Let me trace, however, something of the history of that other dispute which, after it had raged for centuries, Pius IX. undertook to settle: the question about the Immaculate Conception of the Virgin Mary. In a future Lecture, either this Term or the next, I mean to give you an explanation of this doctrine, which will make you acquainted with some of the most thorny speculations of scholastic theology. What I am at present concerned with is only the history of the doctrine, taken as a specimen history of a dispute within the Church of Rome. The history of a dispute is the best evidence as to what authority for settling disputes the disputants believe in.
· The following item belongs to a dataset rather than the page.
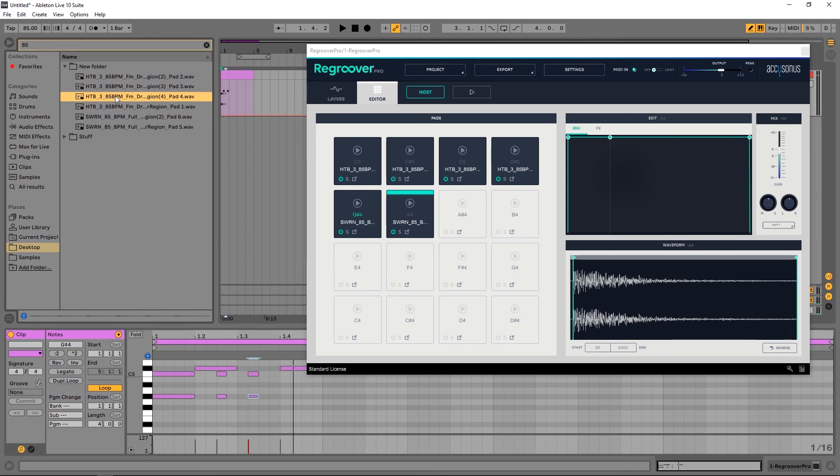I essentially have made a drum kit for myself with elements of drum loops by splitting them up inside of Regroover Pro and just hitting one button. So anyway, I'm Joshua Casper here for Plugin Boutique. Links in the video description as always if you want to check out more about Regroover Pro. I hope you learned something, and I'll see you in the next video.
When I speak of authority for settling disputes, it is well to remind you of a little ambiguity about this word authority. We might mean the authority of superior knowledge, or merely of official position. Any judge may have authority to decide a question of law, in the sense that his decision will bind the parties, and that they must submit to it but there are some judges who, on account of their knowledge and ability, rank as legal authorities, and have set precedents from which their successors differ with reluctance while, in this sense of the word, other judges are of no authority at all. Now everyone will grant to the Pope the authority of official position. He has power to declare the doctrine of his Church, to depose any ecclesiastic who rejects his decision, or even to excommunicate any lay person who opposes himself to it. But we might say as much for the Synod of the Church of Ireland. It, too, can declare the doctrine of that Church, and can make the acceptance of that doctrine a condition of clerical or lay communion. But now there is this difference between these two kinds of authority, that the interference of the authority of confessed superior knowledge is welcomed and willingly submitted to, while it is often just the reverse with the other kind of authority. If two of you were disputing on a subject of which you had little knowledge suppose, for instance, that you knew nothing of anatomy, and that you had a difference of opinion how many ribs a man has if a skilled anatomist were present, you would dispute no longer, but ask him and then the dispute would be at an end. There has been long and warm controversy as to the authorship of the letters of Junius. Suppose a sealed volume were discovered, to which the author had committed his secret, people would not refuse to break the seal because they had misgivings whether their own theory were the true one. All parties would say, let us know the truth and when the truth was known the controversy would be at an end.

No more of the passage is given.